═══ Available data ═══

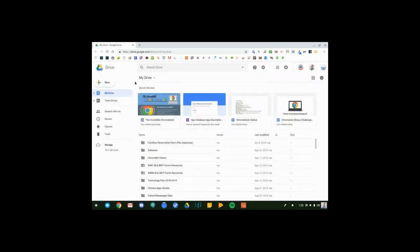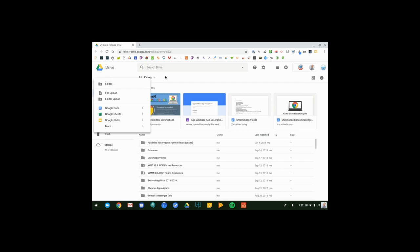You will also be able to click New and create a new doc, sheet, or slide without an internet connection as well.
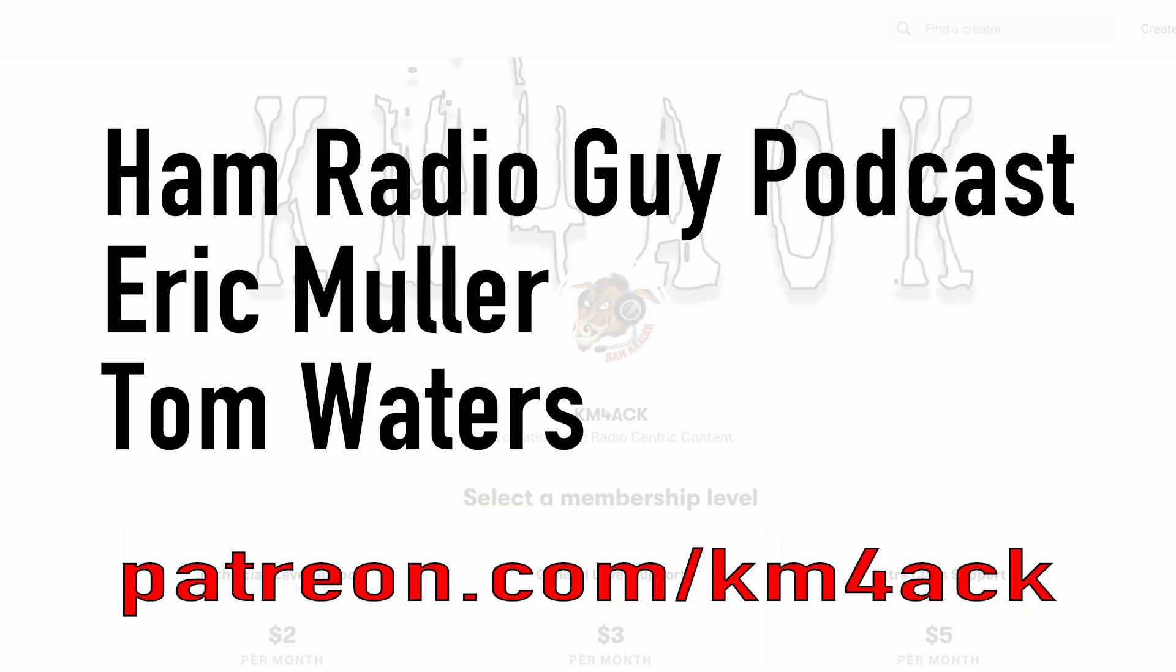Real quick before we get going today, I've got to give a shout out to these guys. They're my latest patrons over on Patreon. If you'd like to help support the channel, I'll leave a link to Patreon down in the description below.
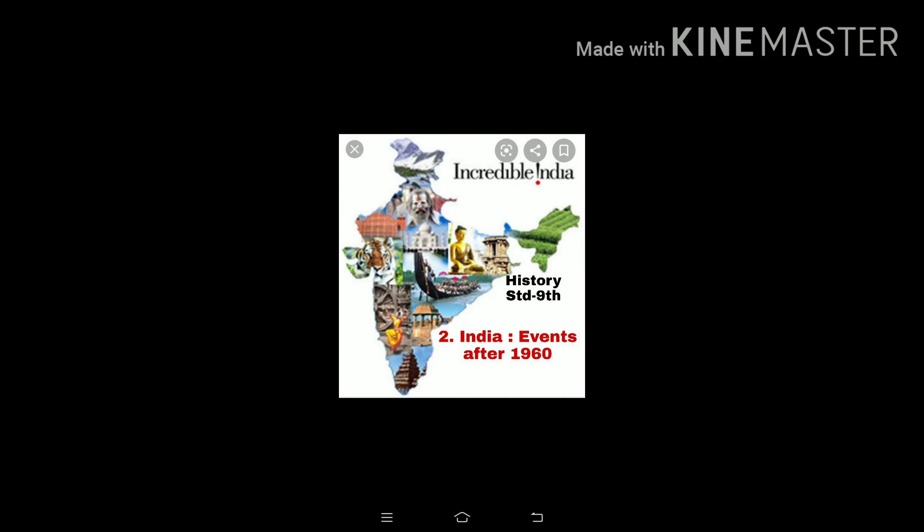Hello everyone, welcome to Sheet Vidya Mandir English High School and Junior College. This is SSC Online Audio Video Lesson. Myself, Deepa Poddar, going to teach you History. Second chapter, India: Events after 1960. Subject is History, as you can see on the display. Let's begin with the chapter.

═══

Required work = What is needed here is an exact transcript of the data above, pictures excluded.

Answer to this exercise =
You will also be able to click New and create a new doc, sheet, or slide without an internet connection as well.
Real quick before we get going today, I've got to give a shout out to these guys. They're my latest patrons over on Patreon. If you'd like to help support the channel, I'll leave a link to Patreon down in the description below.
Hello everyone, welcome to Sheet Vidya Mandir English High School and Junior College. This is SSC Online Audio Video Lesson. Myself, Deepa Poddar, going to teach you History. Second chapter, India: Events after 1960. Subject is History, as you can see on the display. Let's begin with the chapter.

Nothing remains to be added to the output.